*What to work on*
Would you restate, exactly as they appear, the lines from the one containing "this 350×262 image." through the end of the data below?

*Records for processing*
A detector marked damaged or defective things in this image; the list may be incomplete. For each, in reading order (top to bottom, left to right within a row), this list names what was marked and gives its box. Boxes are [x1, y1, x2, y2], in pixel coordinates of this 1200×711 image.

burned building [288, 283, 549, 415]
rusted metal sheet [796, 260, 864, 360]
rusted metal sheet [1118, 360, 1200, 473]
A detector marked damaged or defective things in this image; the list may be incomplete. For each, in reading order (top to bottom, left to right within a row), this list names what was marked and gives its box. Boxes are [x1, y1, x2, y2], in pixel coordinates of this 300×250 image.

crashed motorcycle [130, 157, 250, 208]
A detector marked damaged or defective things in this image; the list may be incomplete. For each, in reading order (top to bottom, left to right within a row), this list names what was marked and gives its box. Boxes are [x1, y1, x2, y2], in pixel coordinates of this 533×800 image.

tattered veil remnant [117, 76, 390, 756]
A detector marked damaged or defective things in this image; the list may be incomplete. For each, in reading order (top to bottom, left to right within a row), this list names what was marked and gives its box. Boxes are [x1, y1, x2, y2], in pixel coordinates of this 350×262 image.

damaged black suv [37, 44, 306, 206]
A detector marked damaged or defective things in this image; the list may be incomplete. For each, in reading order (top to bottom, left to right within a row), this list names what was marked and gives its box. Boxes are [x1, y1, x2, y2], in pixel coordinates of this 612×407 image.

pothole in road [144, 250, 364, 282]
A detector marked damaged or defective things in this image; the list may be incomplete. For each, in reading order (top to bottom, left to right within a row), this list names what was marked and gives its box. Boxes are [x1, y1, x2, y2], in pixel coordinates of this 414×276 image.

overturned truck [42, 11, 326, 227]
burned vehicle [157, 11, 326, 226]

*Completed task*
A detector marked damaged or defective things in this image; the list may be incomplete. For each, in reading order (top to bottom, left to right within a row), this list names what was marked and gives its box. Boxes are [x1, y1, x2, y2], in pixel coordinates of this 350×262 image.

damaged black suv [37, 44, 306, 206]
A detector marked damaged or defective things in this image; the list may be incomplete. For each, in reading order (top to bottom, left to right within a row), this list names what was marked and gives its box. Boxes are [x1, y1, x2, y2], in pixel coordinates of this 612×407 image.

pothole in road [144, 250, 364, 282]
A detector marked damaged or defective things in this image; the list may be incomplete. For each, in reading order (top to bottom, left to right within a row), this list names what was marked and gives its box. Boxes are [x1, y1, x2, y2], in pixel coordinates of this 414×276 image.

overturned truck [42, 11, 326, 227]
burned vehicle [157, 11, 326, 226]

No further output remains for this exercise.